Question

Find the value of the trigonometric function: $\sin \left( -\dfrac{11\pi }{3} \right)$.

Answer 1

Hint: In this question, we can use the concept that all trigonometric ratios of an angle θ and of the sum of any multiple of 2π and θ $\left( n\times 2\pi +\theta \right)$ are equal. So, here we may convert $\sin \left( -\dfrac{11\pi }{3} \right)$ into the form of $\sin \left( n\times 2\pi +\theta \right)$ where n is any integer, and then equalize it to $\sin \theta $ and get our required answer.

Complete step-by-step answer:
In this given question, we are asked to find the value of the trigonometric function: $\sin \left( -\dfrac{11\pi }{3} \right)$.
As we know, all trigonometric ratios of an angle θ and of the sum of multiples of 2π and θ $\left( n\times 2\pi +\theta \right)$ are equal. Statement……. (1.1)
So, here we can convert the given trigonometric ratio of $\sin \left( -\dfrac{11\pi }{3} \right)$ into the form of $\sin \left( n\times 2\pi +\theta \right)$ where n is any integer, that is $\sin \left( -2\times 2\pi +\dfrac{\pi }{3} \right)$, where n is -2.
It gives us $\sin \left( -\dfrac{11\pi }{3} \right)=\sin \left( -2\times 2\pi +\dfrac{\pi }{3} \right)..........(1.1)$
Now, as per statement 1.1 we can write equation 1.1 as:
$\sin \left( -\dfrac{11\pi }{3} \right)=\sin \left( -2\times 2\pi +\dfrac{\pi }{3} \right)=\sin \left( \dfrac{\pi }{3} \right)..........(1.2)$.
Now, we know that the value of $\left( \dfrac{\pi }{3} \right)$ corresponds to ${{60}^{\circ }}$.
So, $\sin \left( \dfrac{\pi }{3} \right)=\sin {{60}^{\circ }}=\dfrac{\sqrt{3}}{2}..........(1.3)$
Hence, from equation 1.4, we get the value of $\sin \left( \dfrac{\pi }{3} \right)=\dfrac{\sqrt{3}}{2}$.
So, from equation 1.2, 1.3 and 1.4, we get $\sin \left( -\dfrac{11\pi }{3} \right)=\left( \dfrac{\sqrt{3}}{2} \right)$.
Therefore, from equation 1.4 we have got our answer to the question as the value of $\sin \left( -\dfrac{11\pi }{3} \right)$ as $\left( \dfrac{\sqrt{3}}{2} \right)$.

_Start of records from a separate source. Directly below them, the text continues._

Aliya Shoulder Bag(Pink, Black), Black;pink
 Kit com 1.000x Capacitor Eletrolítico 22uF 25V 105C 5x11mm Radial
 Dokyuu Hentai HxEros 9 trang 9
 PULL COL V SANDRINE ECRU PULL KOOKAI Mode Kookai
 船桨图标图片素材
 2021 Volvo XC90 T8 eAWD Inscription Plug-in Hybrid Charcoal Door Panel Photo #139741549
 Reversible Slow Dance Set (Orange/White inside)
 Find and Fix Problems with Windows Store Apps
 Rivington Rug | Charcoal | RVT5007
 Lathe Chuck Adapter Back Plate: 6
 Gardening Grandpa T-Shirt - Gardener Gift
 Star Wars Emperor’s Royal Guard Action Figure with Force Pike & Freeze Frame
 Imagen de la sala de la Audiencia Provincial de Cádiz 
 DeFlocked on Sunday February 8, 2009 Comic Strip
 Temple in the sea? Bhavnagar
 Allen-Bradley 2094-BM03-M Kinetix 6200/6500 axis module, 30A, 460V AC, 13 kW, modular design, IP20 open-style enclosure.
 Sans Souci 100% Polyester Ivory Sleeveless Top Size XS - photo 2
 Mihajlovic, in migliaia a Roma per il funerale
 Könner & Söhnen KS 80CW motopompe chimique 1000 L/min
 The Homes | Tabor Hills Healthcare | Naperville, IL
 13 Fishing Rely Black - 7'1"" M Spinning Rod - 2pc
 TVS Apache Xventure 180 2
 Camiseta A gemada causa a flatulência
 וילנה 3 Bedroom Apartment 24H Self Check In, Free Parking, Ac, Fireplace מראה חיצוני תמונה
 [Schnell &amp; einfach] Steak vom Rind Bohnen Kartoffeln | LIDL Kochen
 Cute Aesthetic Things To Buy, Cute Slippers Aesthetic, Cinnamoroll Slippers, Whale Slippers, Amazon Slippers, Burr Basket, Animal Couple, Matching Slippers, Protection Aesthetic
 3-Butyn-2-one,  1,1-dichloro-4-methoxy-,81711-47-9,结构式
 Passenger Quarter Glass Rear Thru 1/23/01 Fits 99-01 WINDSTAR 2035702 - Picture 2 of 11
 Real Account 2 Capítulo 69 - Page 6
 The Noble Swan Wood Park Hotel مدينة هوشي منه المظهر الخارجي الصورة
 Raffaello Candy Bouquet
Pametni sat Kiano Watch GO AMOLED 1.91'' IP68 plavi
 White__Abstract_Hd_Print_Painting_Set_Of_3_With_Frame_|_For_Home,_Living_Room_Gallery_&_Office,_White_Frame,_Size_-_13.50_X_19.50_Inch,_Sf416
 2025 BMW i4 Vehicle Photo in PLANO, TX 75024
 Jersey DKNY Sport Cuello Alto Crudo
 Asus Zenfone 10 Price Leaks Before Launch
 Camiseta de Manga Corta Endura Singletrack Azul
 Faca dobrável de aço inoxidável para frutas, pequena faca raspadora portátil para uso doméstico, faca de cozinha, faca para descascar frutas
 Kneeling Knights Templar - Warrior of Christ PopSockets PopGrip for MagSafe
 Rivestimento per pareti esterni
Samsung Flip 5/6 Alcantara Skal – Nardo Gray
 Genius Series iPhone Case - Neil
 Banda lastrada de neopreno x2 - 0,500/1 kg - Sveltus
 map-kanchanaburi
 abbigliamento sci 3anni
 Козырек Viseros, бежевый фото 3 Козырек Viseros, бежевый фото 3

Note: In these types of questions, we should try to convert the given angles as the sum of a multiple of $2\pi $ and an angle. This is because all trigonometric ratios are equal if we add or subtract an angle by a multiple of $2\pi $ and therefore we can solve the ratios by using the values of the trigonometric ratios of angles between 0 and $2\pi $.